3. Copy the Actions of the Characters. Exercise yo! Those little animated peeps can really move. Safely, have your child recreate the actions of the characters until they're too tuckered out to continue. I always participate in this one (in the name of coaxing my old abs out) and rarely make it more than five minutes- especially when we're watching Super Why, flying around takes a lot of energy. If you want to take this activity to the next level, dress up like the characters.

4. Cook that Food. Instruct your little to keep an eye out for the food that appears in the show and to choose their favorite. You can then make the meal together later that day, having your child tell you as many of the ingredients as they can. (Expert Tip: I make sure to only choose shows with characters that primarily eat PB&Js and Mac n' cheese.)

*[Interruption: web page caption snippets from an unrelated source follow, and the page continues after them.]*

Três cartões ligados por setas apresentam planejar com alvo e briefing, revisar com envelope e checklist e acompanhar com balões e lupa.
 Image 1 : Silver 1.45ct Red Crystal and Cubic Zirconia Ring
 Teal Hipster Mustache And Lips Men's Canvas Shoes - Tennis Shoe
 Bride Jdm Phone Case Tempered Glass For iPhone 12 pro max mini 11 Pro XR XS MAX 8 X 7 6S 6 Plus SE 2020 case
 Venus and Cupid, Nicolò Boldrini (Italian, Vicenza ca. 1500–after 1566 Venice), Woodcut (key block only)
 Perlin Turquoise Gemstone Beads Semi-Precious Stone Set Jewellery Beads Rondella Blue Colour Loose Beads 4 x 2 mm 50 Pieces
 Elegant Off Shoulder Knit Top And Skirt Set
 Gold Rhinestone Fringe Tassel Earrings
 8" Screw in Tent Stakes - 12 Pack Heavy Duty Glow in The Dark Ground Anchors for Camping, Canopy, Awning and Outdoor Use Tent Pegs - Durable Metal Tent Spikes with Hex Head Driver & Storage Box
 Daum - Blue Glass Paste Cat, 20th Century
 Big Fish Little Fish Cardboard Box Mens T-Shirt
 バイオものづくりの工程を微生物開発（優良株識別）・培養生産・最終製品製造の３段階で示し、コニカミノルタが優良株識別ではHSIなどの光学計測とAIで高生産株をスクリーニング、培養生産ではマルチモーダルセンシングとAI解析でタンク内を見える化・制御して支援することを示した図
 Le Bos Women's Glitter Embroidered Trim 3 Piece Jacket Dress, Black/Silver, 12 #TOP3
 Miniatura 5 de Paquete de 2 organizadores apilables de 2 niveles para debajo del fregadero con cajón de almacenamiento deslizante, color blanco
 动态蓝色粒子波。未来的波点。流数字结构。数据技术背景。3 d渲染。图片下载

5. Recreate the Scene With Toys. Bring out a box of toys and have your child recreate the scenes of the show with their 3D creatures. My son often gets so absorbed in his toys he forgets about the show.

6. Pause, and Solve the Characters Problem. Most kid shows are perfectly set up to teach good morals and manners (with the exception of Oscar's Oasis.) Pause the show after a problem is presented and ask your child how the characters should solve the issue. This one opens up some pretty interesting (hilarious) conversations- and awakens their inner Baby Buddha wisdom.

7. Draw Your Favorite Scene. Get a glimpse into your child's mind by having them draw their favorite scene from the show, and explain the drawing to you. It's fascinating to see and hear how they interpreted the show (it's rarely what you would expect.)

If you really want to make life interesting, try these games with your adult shows, coupled with a bottle of wine.